Quem já foi ao restaurante do edifício Itália conhece a sensação de vertigem, e ao mesmo tempo de conforto, que a vista de São Paulo propicia daquele andar tão alto. De avião é diferente: nós nos espantamos com a extensão da cidade, com o fato de que não acaba nunca, de consumir muitos minutos de fumaça até que o avião pouse finalmente.
Do último andar do edifício Itália, o aspecto horizontal, a largura da metrópole é menos impressionante do que a perspectiva vertical, o abismo das janelas, das ruas no fundo e das paredes de concreto: estamos num avião a pique. Olhamos para baixo e é como se o próprio restaurante funcionasse como uma pirâmide invertida. Aquele espaço onde se distribuem mesas, cadeiras, um piano de cauda, maîtres e garçons parece amplo demais para resistir à atração do fosso, à voragem perpendicular, ao rumor do trânsito, à queda. Vivemos um suicídio de mentira -e o reconforto de que essa tentação foi virtual.
A exposição de Anselm Kiefer, no MAM do Ibirapuera, mostra o encontro de um dos maiores pintores da atualidade com essa paisagem paulistana. Para quem gostou das fotografias publicadas na imprensa, um aviso: os quadros de Kiefer, ao vivo, praticamente esmagam qualquer tentativa de dar conta deles na página de um jornal ou de revista.
São gigantescos: convidam o espectador a chegar mais perto e a ir mais longe do que é possível. Mais perto, porque verificamos assim a aspereza do cimento, do barro, do tijolo moído, da areia, do carvão, que compõem essas vistas da cidade. Mais longe, porque a perspectiva desses quadros de algum modo não se completa nunca. Ou seja, não conseguimos apreender de um golpe a visão do artista.
A contradição, a ambiguidade, o confronto -conceitos que estamos acostumados a encontrar em formas narrativas (a história, o tempo, o romance, a fala) têm aqui uma expressão simultânea, visual.

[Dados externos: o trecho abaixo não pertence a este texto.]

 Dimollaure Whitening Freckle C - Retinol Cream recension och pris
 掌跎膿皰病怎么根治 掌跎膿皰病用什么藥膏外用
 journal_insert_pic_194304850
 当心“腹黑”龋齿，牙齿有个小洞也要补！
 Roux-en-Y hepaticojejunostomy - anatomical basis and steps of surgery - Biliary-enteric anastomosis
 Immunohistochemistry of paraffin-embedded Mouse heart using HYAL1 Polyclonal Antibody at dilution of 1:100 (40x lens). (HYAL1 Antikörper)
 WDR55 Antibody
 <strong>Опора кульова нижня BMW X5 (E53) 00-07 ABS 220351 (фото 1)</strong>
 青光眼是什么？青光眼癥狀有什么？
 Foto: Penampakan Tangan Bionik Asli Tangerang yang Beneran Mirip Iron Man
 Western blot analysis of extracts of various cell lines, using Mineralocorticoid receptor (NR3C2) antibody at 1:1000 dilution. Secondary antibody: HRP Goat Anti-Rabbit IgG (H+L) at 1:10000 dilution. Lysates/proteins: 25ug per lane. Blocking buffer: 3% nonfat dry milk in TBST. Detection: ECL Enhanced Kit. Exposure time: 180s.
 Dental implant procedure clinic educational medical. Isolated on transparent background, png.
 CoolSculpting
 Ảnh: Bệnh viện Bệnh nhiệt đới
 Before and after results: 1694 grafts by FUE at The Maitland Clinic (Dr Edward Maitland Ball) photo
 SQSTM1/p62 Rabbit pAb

Certamente, a exploração da ambiguidade foi tentada por muitos pintores modernos. Quando um quadro apresenta dois ou mais pontos de fuga distintos na perspectiva, como o célebre quarto de van Gogh, ou quando a multiplicidade de pontos de vista se afirma no cubismo, estamos já diante dos limites da representação "realista". Há também uma ambiguidade conceitual, se podemos dizer assim, em alguns quadros de Dalí: dois frades, num mercado de escravos, pintados com exatidão, compõem à distância os olhos de um retrato perfeito de Voltaire.
Mas isso é apenas uma hábil ilusão de ótica. Kiefer usa as ilusões de ótica como ninguém (experimente ver "Acordados num Campo Cigano"), mas seu maior trunfo é introduzir o tempo -melhor em maiúscula: o Tempo -na pintura.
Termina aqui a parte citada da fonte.